- **TASK PROMPT**: Copy nothing but the lines from the line with "南设得兰群岛暴风雪中的帽带企鹅图片素材" to the end of the records, retyped exactly. Pictures stay out.

- **RECORD EXCERPTS**:

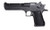 Desert Eagle Mark XIX 44 Rem Mag CA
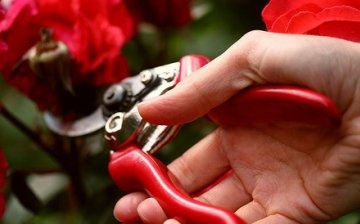 Benefits and timing of pruning roses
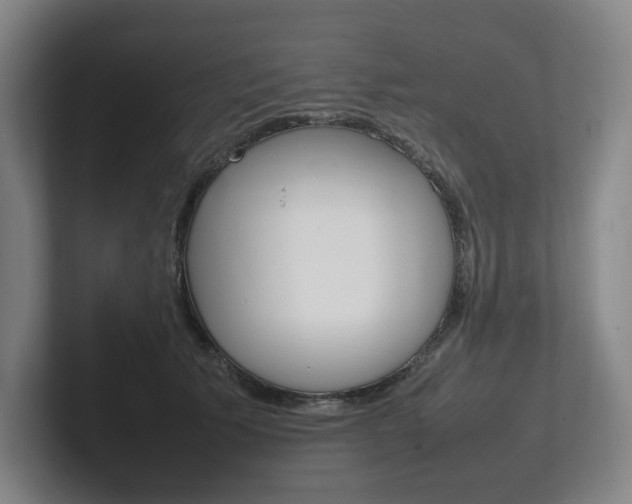 X0000102260609200807250839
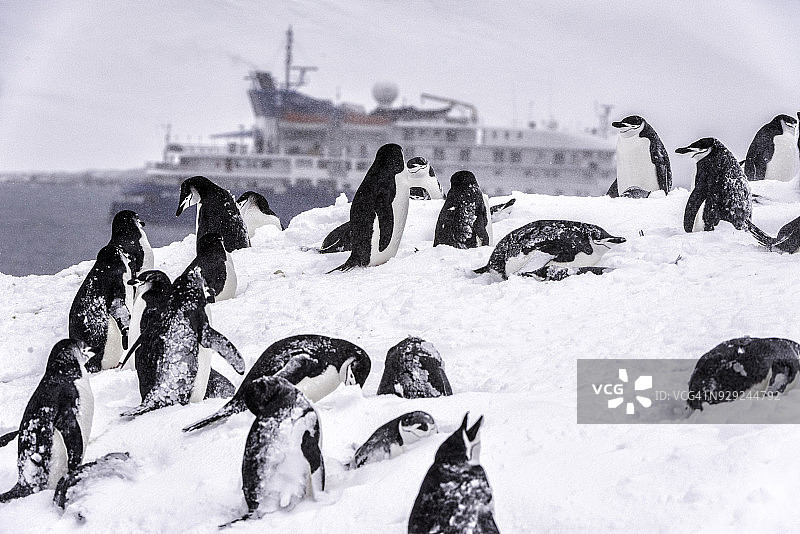 南设得兰群岛暴风雪中的帽带企鹅图片素材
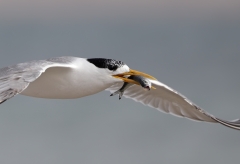 Greater Crested Tern (Image ID 62740)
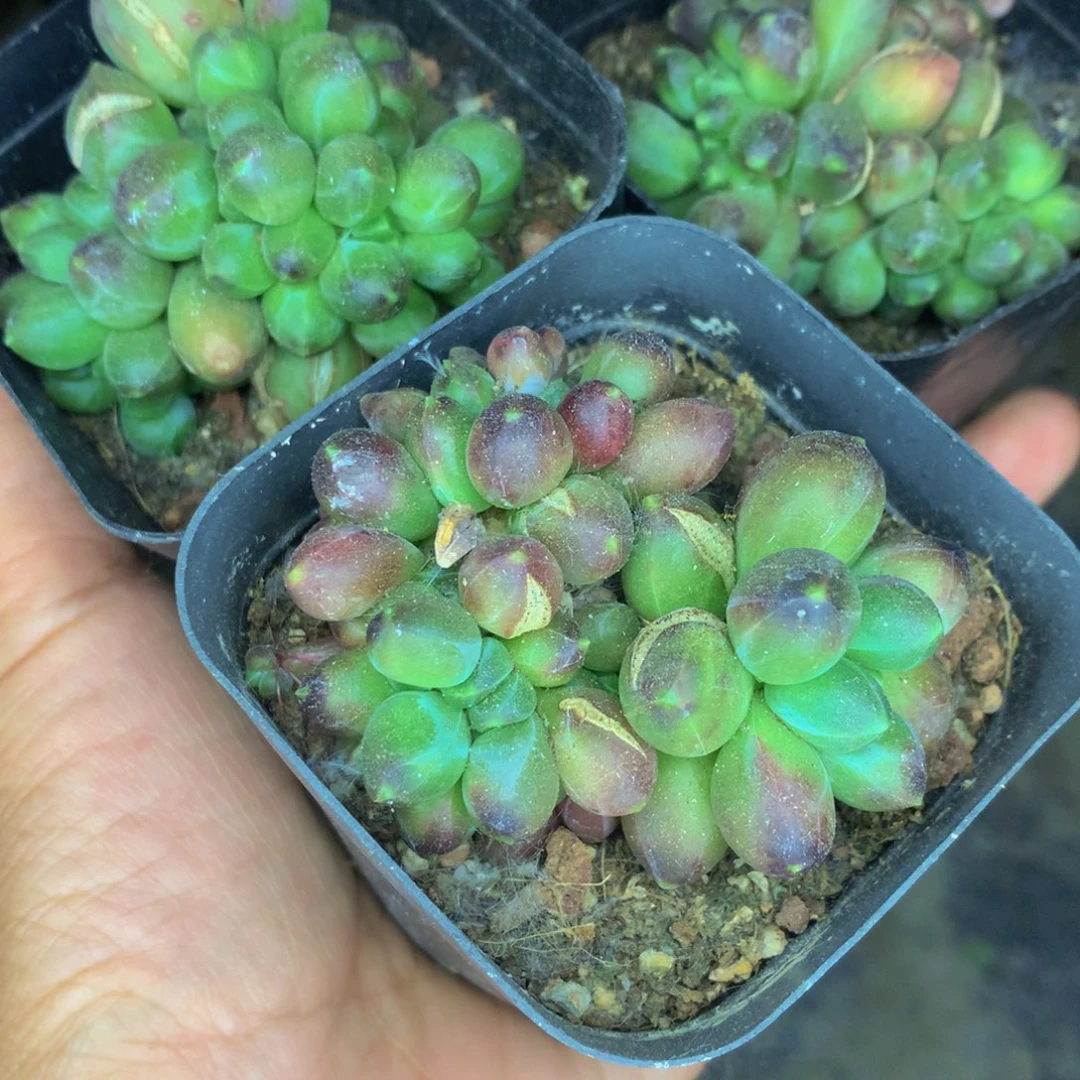 千代田缀。 （满9.99包邮不满9.9发叶子）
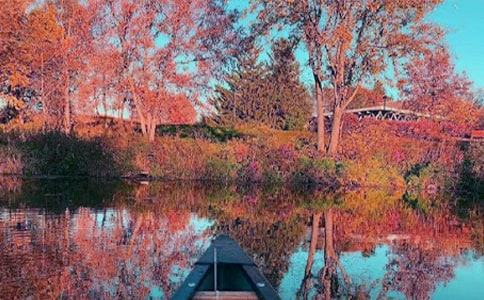 秋日游峙山作文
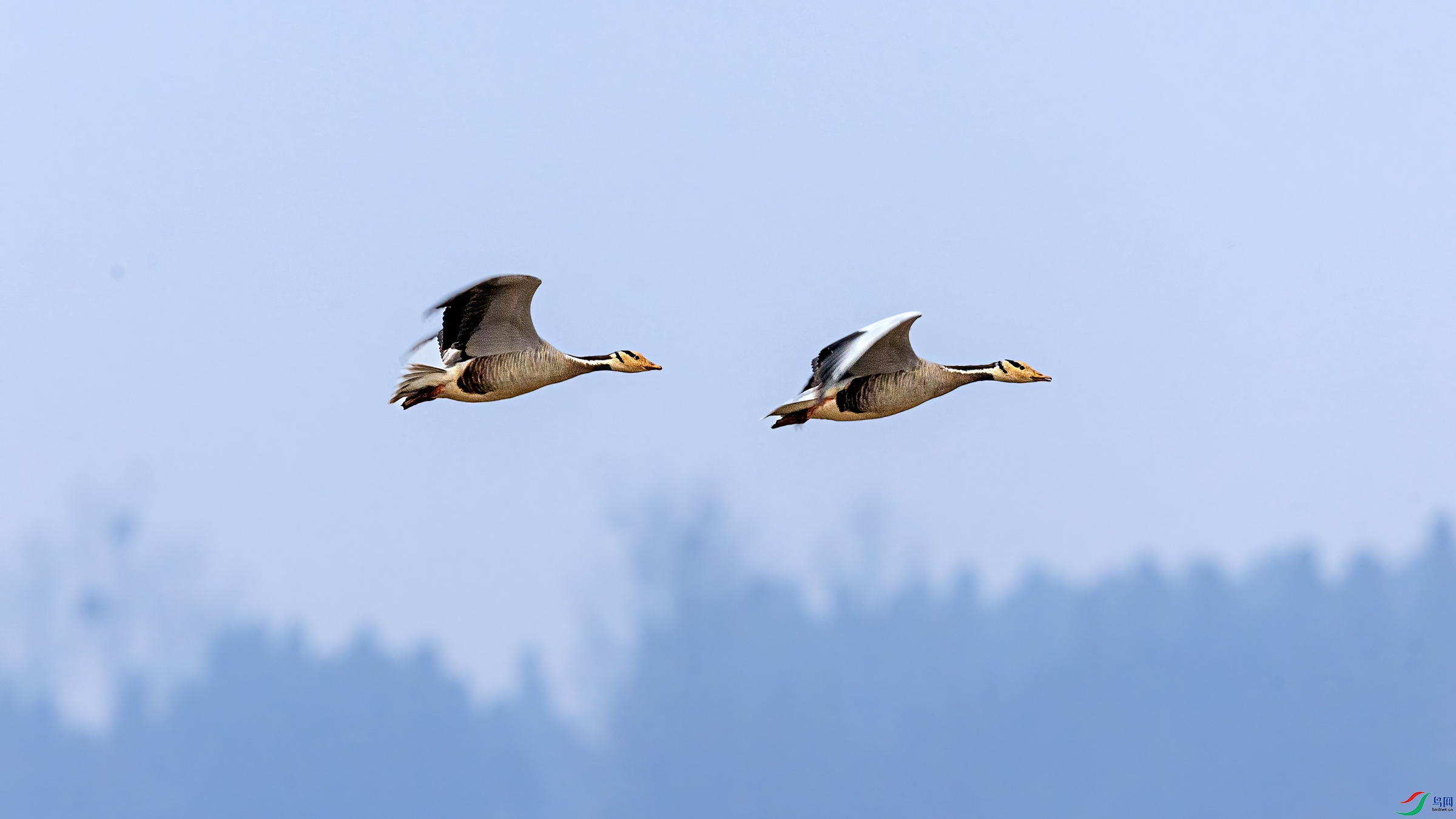 ��ͷ��1_J1R6889-1.jpg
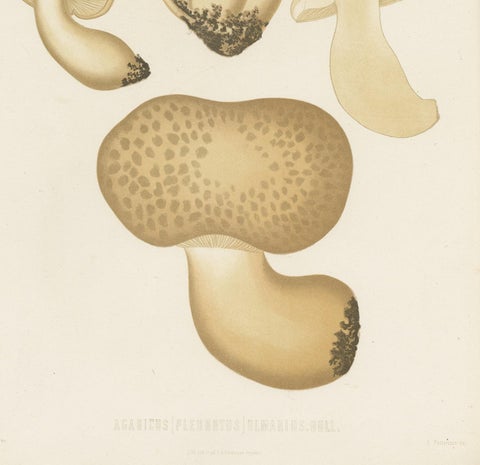 Antique Mycology Print of Oyster Mushrooms by E.M. Fries, circa 1860, view 4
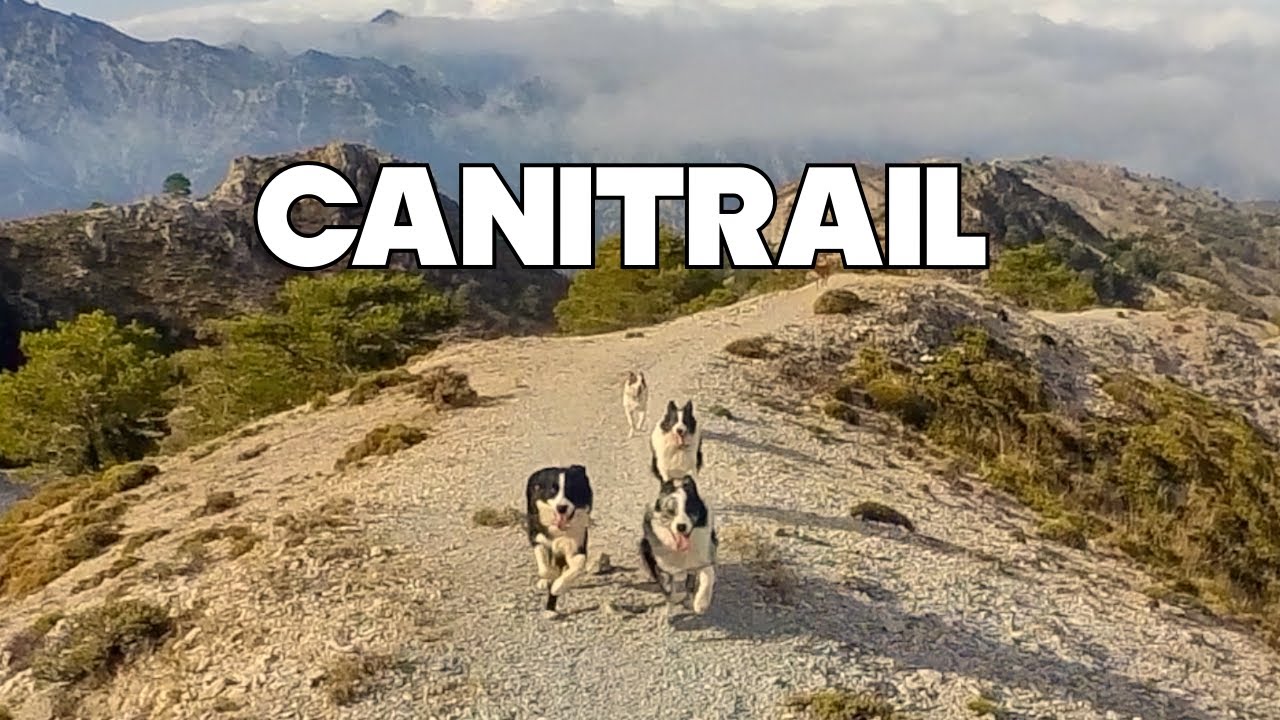 CANI TRAIL: - TRAIL RUNNING CON PERROS - CON ALHAMBRA MUSHING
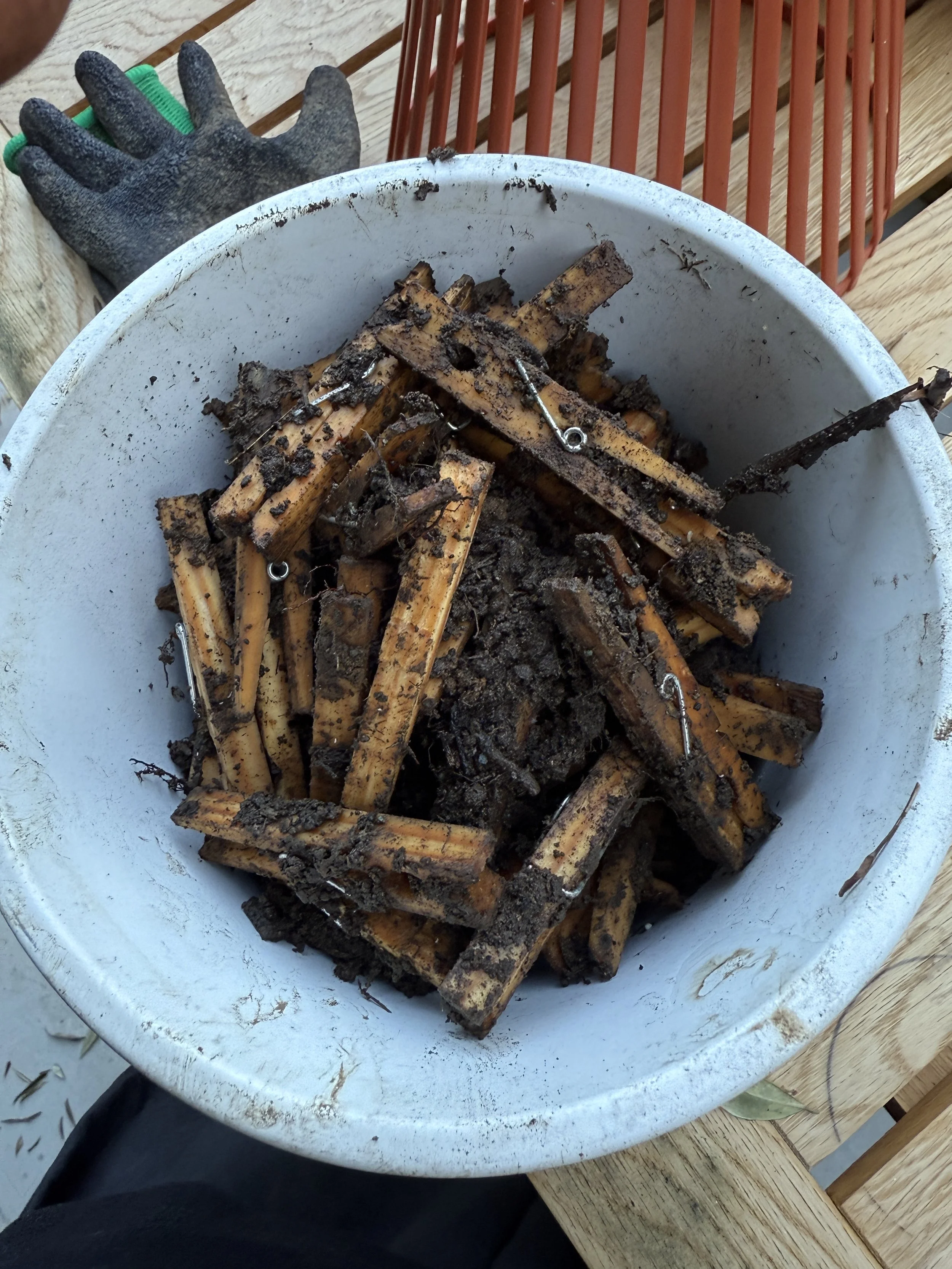 Unearthed after a few wet days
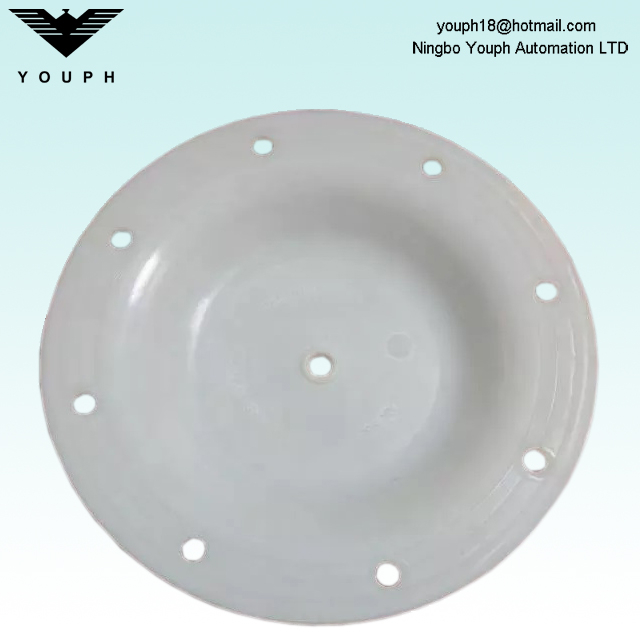 V183TF Versa-Matic E1 Series Pumps PTFE Diaphragm parts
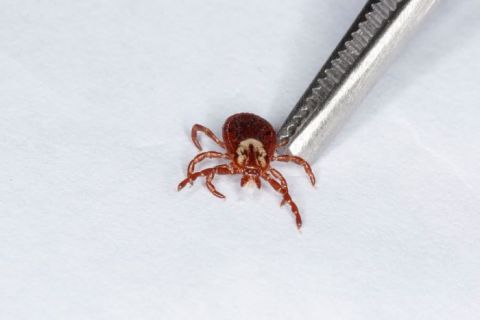 A Tickborne Illness That Can Be More Severe Than Lyme Disease Is On The Rise In Maine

- **COMPLETED TASK**:
 南设得兰群岛暴风雪中的帽带企鹅图片素材
 Greater Crested Tern (Image ID 62740)
 千代田缀。 （满9.99包邮不满9.9发叶子）
 秋日游峙山作文
 ��ͷ��1_J1R6889-1.jpg
 Antique Mycology Print of Oyster Mushrooms by E.M. Fries, circa 1860, view 4
 CANI TRAIL: - TRAIL RUNNING CON PERROS - CON ALHAMBRA MUSHING
 Unearthed after a few wet days
 V183TF Versa-Matic E1 Series Pumps PTFE Diaphragm parts
 A Tickborne Illness That Can Be More Severe Than Lyme Disease Is On The Rise In Maine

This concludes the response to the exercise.